Practical Agile Is Not Just Notecards, Flowers, and Fairies

In January, I had the privilege of participating in a panel at Agile Austin with executives leading other software organizations around Austin.  David Anderson also dropped in while he was in Austin.

Throughout the question & answer session, one theme became clear.  The audience wasn’t clear on what agile is and what agile is not.  So many folks have attended Scrum training that I think I can comment on what is being taught (caveat:  each Scrum trainer does it a bit differently).

The most popular agile training is Scrum training.  In scrum training, there is a lot of talk about the development team, the product owner, and the scrum master.  There isn’t, however, a lot of talk about management.  The scrum master is not a manager.  It is intentionally defined as a facilitator who has to facilitate without direct authority.  Every organization has management, however, but Scrum doesn’t really speak to that.  I think this is a big gap with it.  Extreme Programming doesn’t either, but it doesn’t pretend to be a project management methodology.

Agile is all about delivering frequently and refining as you go.  Agile doesn’t have a set of dogmatic practices that you must adhere to.  Every agile team will have a process that is unique because each has different business goals and different people.  The team needs process.  Larger projects need larger processes.  Whole Foods is a very agile organization, and it has tons of processes to make it all work seamlessly.  I have encountered some who feel that agile teams have to light on process.  I believe that the team needs just enough process, and it’s probably just a bit more process than the average “Certified ScrumMaster” would think.
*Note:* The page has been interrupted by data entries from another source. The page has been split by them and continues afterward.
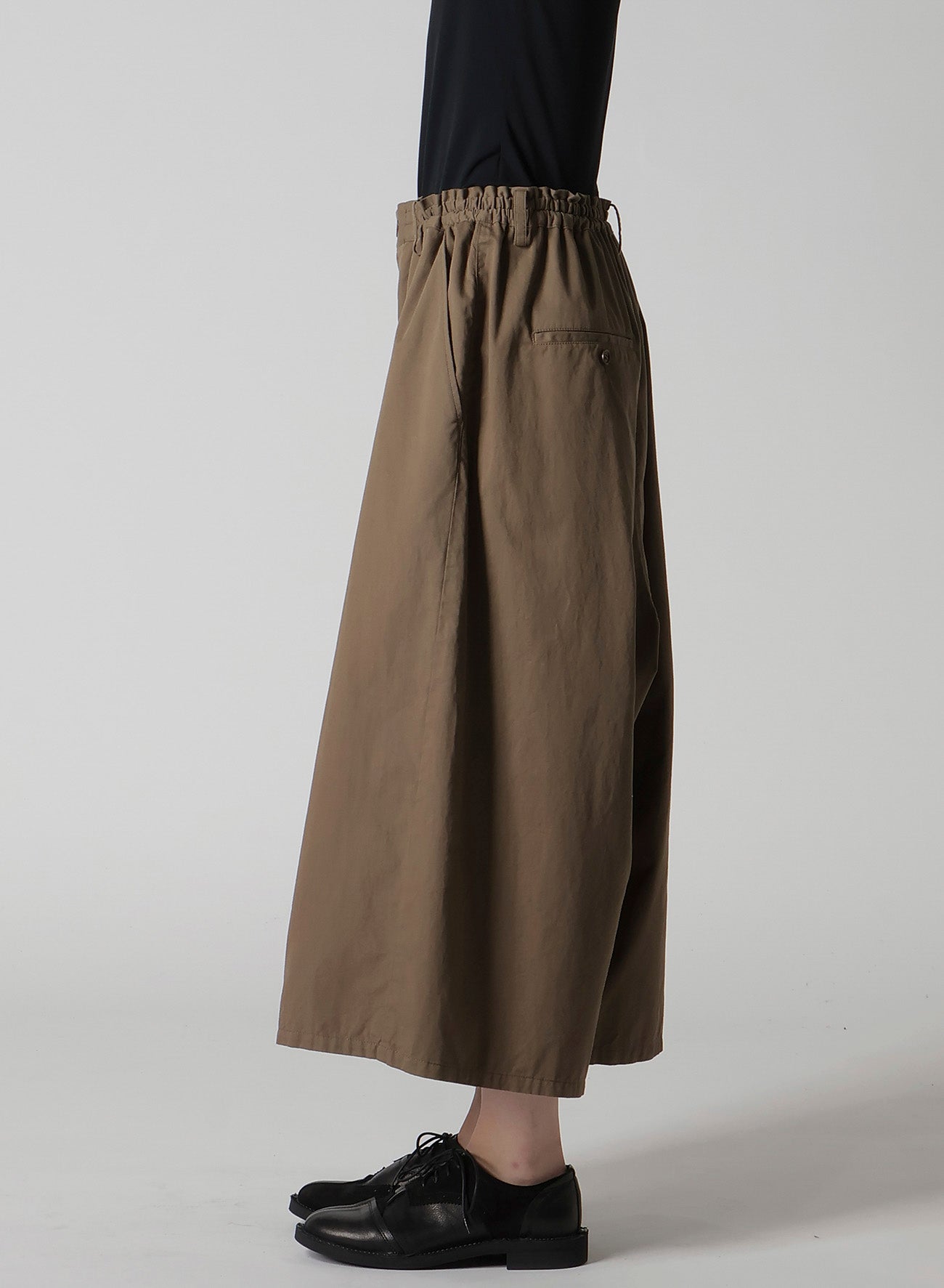 COTTON TWILL GARMENT DYE RIGHT SIDE DRAPE PANTS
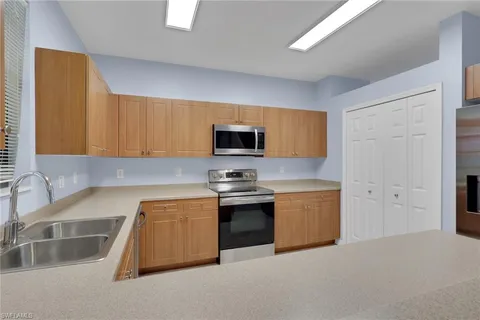 $385,000 | 15454 Summit Pl Circle, Unit 125, Naples, FL 34119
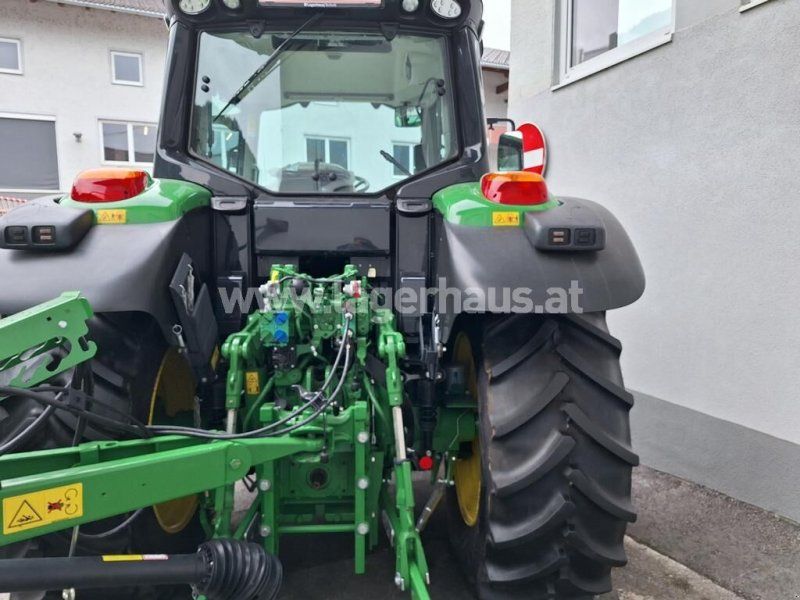 John Deere 6120 M
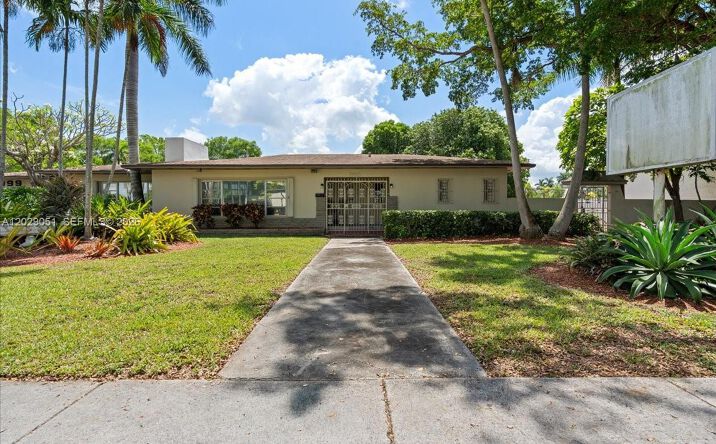 Pictures of Mixed Use, Office property located at 999 N Krome Ave, Homestead, FL 33030 for sales - image #1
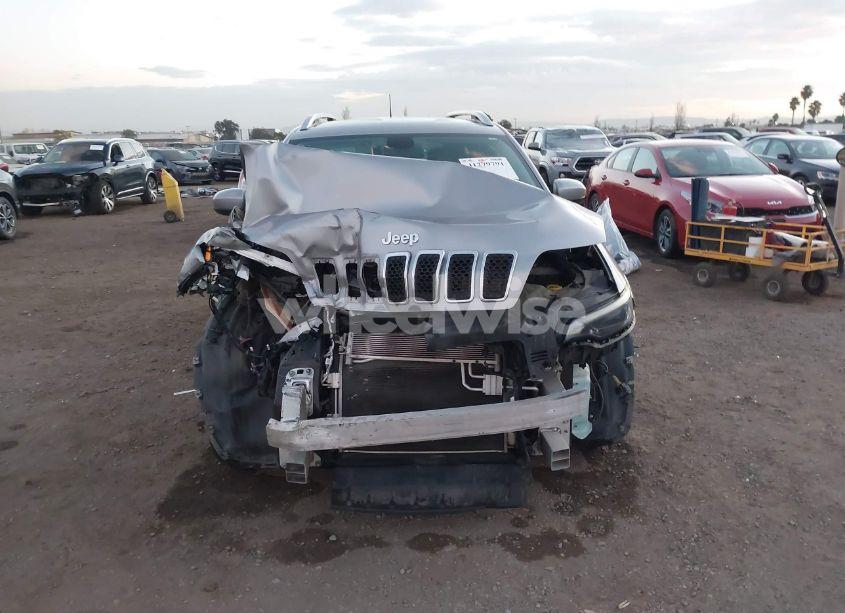 Photo 13 of 2019 Jeep Cherokee LATITUDE PLUS FWD (VIN 1C4PJLLB6KD186763)
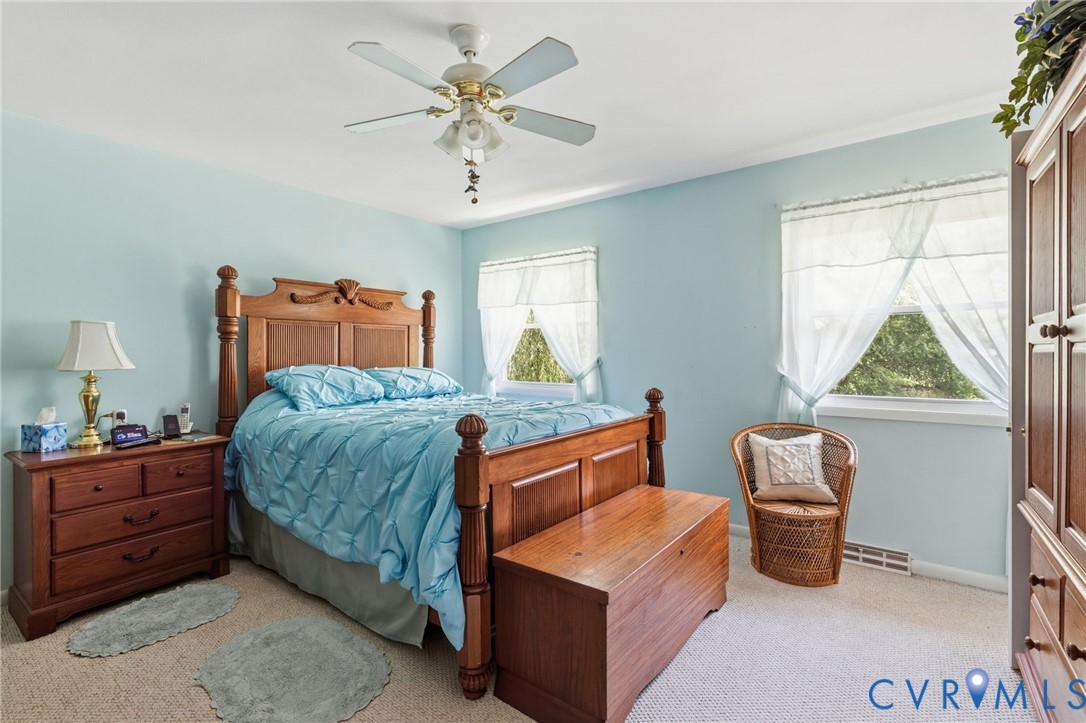 4512 Forrestal Road Chester, VA 23831 - Photo 18 of 47
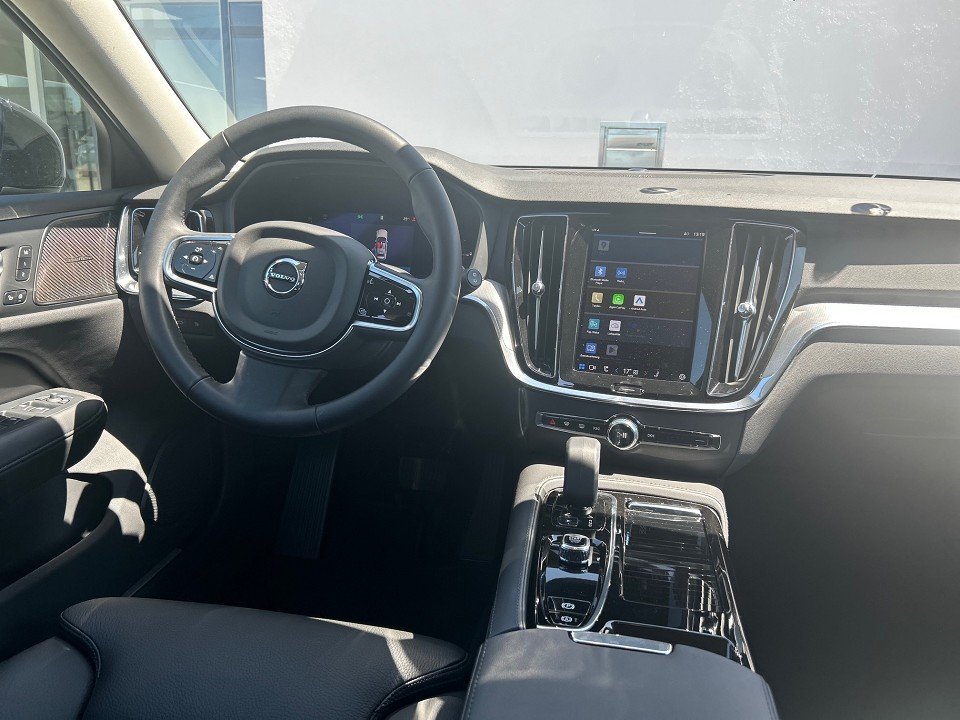 Volvo V60 T6 Plus Dark Plus Dark Recharge Plug-In Hybrid AWD Volvo V60 T6 Plus Dark Plus Dark Recharge Plug-In Hybrid AWD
By now, we have all heard stories about the “agile” teams who adopted scrum and then subsequently burned through a year’s worth of sprints and still delivered nothing.  The magic fairy dust of scrum is wearing off, and the industry is starting to realize that in any given project, success depends on the good and passionate work of the people involved.

All in all, it doesn’t matter where good ideas come from:  waterfall, scrum, extreme programming, lean, FDD, or the next methodology that comes along.  Good ideas are good ideas, and I strive to find them wherever I can.

Practical agile software delivery is hard.  HARD.  It requires confronting problems head-on, even when those problems are organizational.  Short iterations expose the problems.  Solving the problems makes them go away.  The absence of problems leads to effectiveness.  Rinse, repeat.  A project will succeed or fail based on the people involved, not the “official methodology” used in the status report.